İki asker ailenin çocukları olan Gökçen ve Murathan. Daha çocuklukta aşıktılar birbirlerine. Babaları Yusuf ve Ali silah arkadaşıydı. Askeri lojmanda asla birbirlerinden ayrılmayan Murahtan ve Gökçen babalarının aynı gün, kol kola şehit olmasıyla hayatları tuzla buz olur. Gökçen 6, Murathan 8 yaşındayken ayrılırlar birbirlerinden. Herkes kendi memleketine döner. Kepçük ve Pamuğun hikayesi de burada başlar aslında...

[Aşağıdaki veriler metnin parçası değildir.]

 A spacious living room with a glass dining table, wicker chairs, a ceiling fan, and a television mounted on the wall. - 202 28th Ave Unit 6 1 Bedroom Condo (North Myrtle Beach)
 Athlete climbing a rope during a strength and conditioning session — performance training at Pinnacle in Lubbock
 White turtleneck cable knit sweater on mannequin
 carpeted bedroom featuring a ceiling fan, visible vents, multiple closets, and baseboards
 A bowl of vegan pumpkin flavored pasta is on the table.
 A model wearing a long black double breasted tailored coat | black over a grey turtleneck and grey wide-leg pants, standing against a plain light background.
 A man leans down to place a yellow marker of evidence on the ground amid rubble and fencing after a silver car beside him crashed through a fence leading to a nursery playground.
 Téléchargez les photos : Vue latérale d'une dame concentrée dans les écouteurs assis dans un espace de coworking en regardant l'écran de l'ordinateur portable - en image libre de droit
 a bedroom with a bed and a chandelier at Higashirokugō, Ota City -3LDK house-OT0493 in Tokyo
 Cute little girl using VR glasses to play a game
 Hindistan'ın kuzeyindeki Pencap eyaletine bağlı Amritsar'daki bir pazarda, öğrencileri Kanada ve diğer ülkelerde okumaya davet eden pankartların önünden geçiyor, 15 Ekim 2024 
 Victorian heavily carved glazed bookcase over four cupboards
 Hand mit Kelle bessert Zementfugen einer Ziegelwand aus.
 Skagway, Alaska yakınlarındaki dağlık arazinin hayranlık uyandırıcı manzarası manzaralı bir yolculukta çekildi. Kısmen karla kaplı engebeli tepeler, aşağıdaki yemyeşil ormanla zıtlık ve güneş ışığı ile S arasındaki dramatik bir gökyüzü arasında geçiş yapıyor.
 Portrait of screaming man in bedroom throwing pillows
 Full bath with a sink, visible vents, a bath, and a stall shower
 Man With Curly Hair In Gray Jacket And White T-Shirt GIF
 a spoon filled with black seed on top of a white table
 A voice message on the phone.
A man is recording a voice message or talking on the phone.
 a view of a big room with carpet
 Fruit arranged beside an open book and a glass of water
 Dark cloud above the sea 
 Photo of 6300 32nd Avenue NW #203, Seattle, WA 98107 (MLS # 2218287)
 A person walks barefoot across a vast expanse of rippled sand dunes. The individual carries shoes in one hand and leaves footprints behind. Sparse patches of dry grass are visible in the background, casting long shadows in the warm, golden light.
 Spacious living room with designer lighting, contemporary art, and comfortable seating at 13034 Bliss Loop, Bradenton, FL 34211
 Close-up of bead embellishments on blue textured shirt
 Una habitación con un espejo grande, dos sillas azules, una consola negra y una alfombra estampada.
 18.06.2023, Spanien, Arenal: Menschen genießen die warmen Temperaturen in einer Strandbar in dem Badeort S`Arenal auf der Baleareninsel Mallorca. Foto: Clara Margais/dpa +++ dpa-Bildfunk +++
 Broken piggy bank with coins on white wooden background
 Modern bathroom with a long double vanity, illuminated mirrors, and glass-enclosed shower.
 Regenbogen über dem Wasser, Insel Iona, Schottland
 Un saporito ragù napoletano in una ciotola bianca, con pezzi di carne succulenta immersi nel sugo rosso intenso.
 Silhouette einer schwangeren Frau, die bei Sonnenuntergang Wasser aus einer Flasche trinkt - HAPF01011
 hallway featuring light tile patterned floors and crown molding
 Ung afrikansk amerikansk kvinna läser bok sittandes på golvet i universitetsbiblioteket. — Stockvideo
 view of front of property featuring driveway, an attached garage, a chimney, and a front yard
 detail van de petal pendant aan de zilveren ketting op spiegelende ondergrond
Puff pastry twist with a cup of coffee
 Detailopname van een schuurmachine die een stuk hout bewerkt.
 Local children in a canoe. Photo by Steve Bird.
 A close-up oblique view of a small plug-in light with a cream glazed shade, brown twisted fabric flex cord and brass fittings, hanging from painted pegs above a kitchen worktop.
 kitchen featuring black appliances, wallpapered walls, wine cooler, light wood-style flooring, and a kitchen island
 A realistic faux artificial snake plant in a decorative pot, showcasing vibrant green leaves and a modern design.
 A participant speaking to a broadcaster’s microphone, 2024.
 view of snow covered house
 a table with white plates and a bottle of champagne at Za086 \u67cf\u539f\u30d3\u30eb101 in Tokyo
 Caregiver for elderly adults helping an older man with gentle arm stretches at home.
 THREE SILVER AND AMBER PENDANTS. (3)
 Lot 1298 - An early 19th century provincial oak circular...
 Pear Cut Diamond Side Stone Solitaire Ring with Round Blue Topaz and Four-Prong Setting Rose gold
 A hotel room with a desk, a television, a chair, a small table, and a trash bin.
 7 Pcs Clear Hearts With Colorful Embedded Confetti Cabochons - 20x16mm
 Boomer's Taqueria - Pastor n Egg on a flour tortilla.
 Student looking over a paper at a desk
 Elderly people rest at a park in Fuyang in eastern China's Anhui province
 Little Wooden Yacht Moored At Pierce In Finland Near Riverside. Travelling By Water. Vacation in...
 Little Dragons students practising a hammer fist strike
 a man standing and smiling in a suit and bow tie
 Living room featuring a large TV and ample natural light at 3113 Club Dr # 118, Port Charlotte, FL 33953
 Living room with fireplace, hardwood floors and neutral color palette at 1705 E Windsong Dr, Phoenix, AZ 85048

Yıllar geçer Murathan babası gibi Özel Kuvvetler Askeri olur. Gökçen küçükken Kepçüğüne söz verdiği gibi doktor olur. Tayininin Murathanin olduğu yere çıkmasıyla tekrar kavuşurlar.
Peki sizce yıllar sonra Murathan Pamuğunu, Gökçen'ini tanıyabilmiş midir?
Gökçen Kepçüğünü, Murathan'ını tanıyabildi mi ?
Hiç unutmamışlardı ki...
Hani bazen kendinizi o kitabın içinde hisseder, yeri gelir kahkahalarla güler yeri gelir hıçkıra hıçkıra ağlarsınız ya aynen öyle oldu benim içinde. Asla bitmesin dediğim ama sonunu çok merak ettiğim bir kitaptı. Yazarın ilk kitabı olmasına rağmen çok güzel kaleme alınmış. Okuyucuya o duyguları çok güzel yansıtmış. 2. kitabına çabuk kavuşmak dileğiyle diyorum
Elinize, kaleminize sağlık.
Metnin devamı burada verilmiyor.